Strong words - have you filed a bug yet? Any kind of minimal repro?

elalish avatar Apr 25 '24 17:04 elalish

No, but can try to get a minima repro later. I think functions like parallel uninitialized_fill may already cause some issue.

pca006132 avatar Apr 25 '24 17:04 pca006132

Ah, found the reason:

Parallel STL is not supported by oneTBB. if you want to use PSTL, you can revert to an older TBB version.

You can use oneAPI DPC++ Library (oneDPL) instead of Parallel STL.

Please refer to the below links for more information.

https://www.intel.com/content/www/us/en/docs/onedpl/developer-guide/2022-1/execution-policies.html

https://www.intel.com/content/www/us/en/developer/articles/release-notes/intel-oneapi-threading-building-blocks-release-notes.html

And tested with older version, it works correctly. This is annoying...

pca006132 avatar Apr 25 '24 18:04 pca006132

Wow, I'm so confused! So we have Thrust, OpenMP, TBB, OneDPL, PSTL, oneAPI, CUDA...

I wonder if anyone has a made a diagram showing how they all call each other? I'm beginning to wonder if that graph will have cycles...

elalish avatar Apr 25 '24 19:04 elalish

I think we should probably ask oneTBB people with this... feels weird that they stop supporting PSTL, considering there may be other libraries that uses PSTL and want to link tbb.

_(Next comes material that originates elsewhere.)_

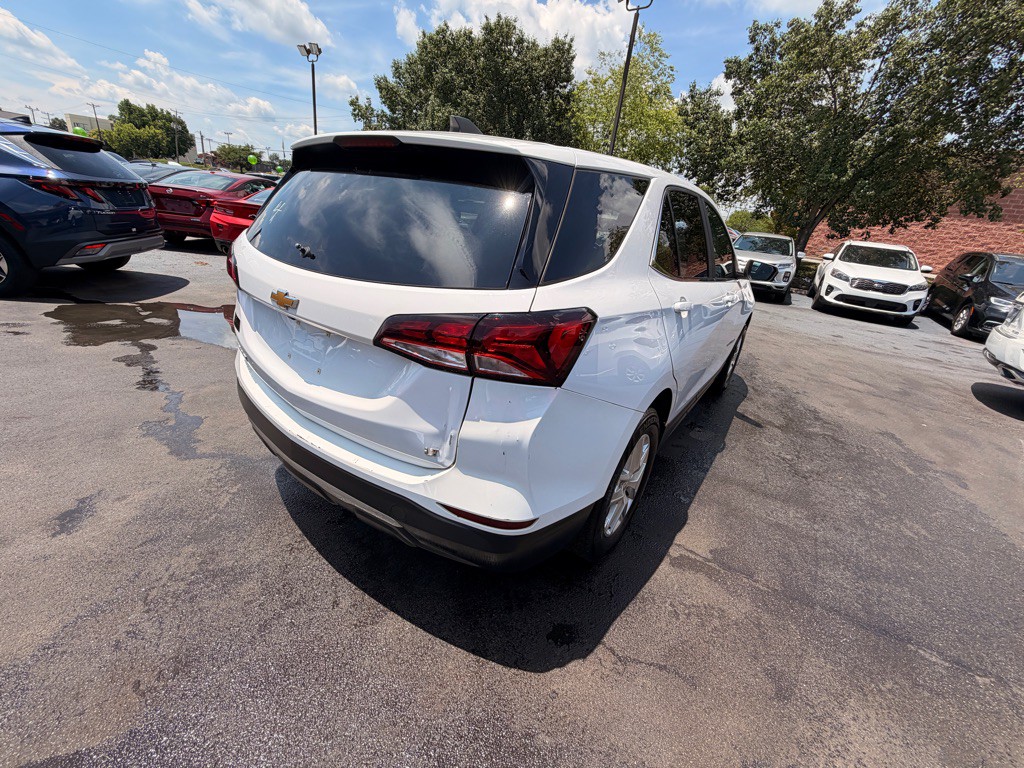2022 Chevrolet Equinox Image 3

This makes oneTBB not the true replacement of the old tbb, but they have the same shared library name...

pca006132 avatar Apr 26 '24 02:04 pca006132

Agreed. Still, it has the sound of everyone wanting to be the "one, true, overarching parallelism API". I wonder if they realized oneTBB wouldn't quite get there, so maybe they built oneAPI on top? I wonder if PSTL slots in there somehow?

elalish avatar Apr 26 '24 04:04 elalish

Update: GCC 13 works fine. I think the leak is probably due to PSTL version issue.

pca006132 avatar May 01 '24 18:05 pca006132

So, do we think there's anything actionable here for us, or should we just close this?

elalish avatar May 01 '24 21:05 elalish

probably make a cmake option for the user to decide, and by default we will disable it unless gcc 13 or newer is present, or on mac?

not sure if there is a good way to check the pstl version.

pca006132 avatar May 02 '24 05:05 pca006132

In the context of removing our Thrust dependency entirely, what do we think is a good path forward? I'm pretty comfortable requiring latest compiler versions - I think we're pretty close to the bleeding edge to get all the parallelism support we need. The main thing is that there is at least one compiler that works for each architecture.

elalish avatar May 10 '24 20:05 elalish

According to the Godot Engine documentation, it is limited to c++17. How new of a c++ standard does Manifold want to go? Manifold could trade off features for compatibility.

https://docs.godotengine.org/en/stable/contributing/development/cpp_usage_guidelines.html

fire avatar May 10 '24 22:05 fire

Well, PSTL was introduced in c++17, so hopefully that's adequate. I more mean we might need to require GCC 13 rather than 12, given parallelism bugs we've found.

elalish avatar May 10 '24 23:05 elalish

@elalish The main issue though is how to get distros maintainers to be happy about this. IIRC distros provide their own libtbb.so so we don't get to choose the version of tbb, and distros use the same compiler for all package builds, so we don't get to choose the compiler version. And I think gcc 12 will stick for at least several years for some distros...

pca006132 avatar May 11 '24 11:05 pca006132

My current thought for fixing this issue is to fall back to the Thrust implementations by default, unless the user explicitly enable PSTL, or we are certain that the PSTL version and TBB versions are compatible. E.g. we know that GCC 13 or libc++ (sufficiently recent) is fine with onetbb, and the older tbb (2020 or older) is fine with older versions of PSTL.

But this makes getting rid of Thrust even harder...

pca006132 avatar May 11 '24 11:05 pca006132

Yeah, I think getting rid of thrust is pretty important. I might just say fall back to single-threaded. Remind me how bad these bugs are? They're outside of our code base, so I feel like we should just have some documentation saying "we verify these compilers - if you have problems on others, try disabling parallelism".

elalish avatar May 12 '24 02:05 elalish

It probably depends on the application. If things are long-running, that can present a problem.

Another problem is that our python packages are using onetbb and old GCC. Maybe I can look at using an older version of tbb to avoid this issue...

pca006132 avatar May 12 '24 02:05 pca006132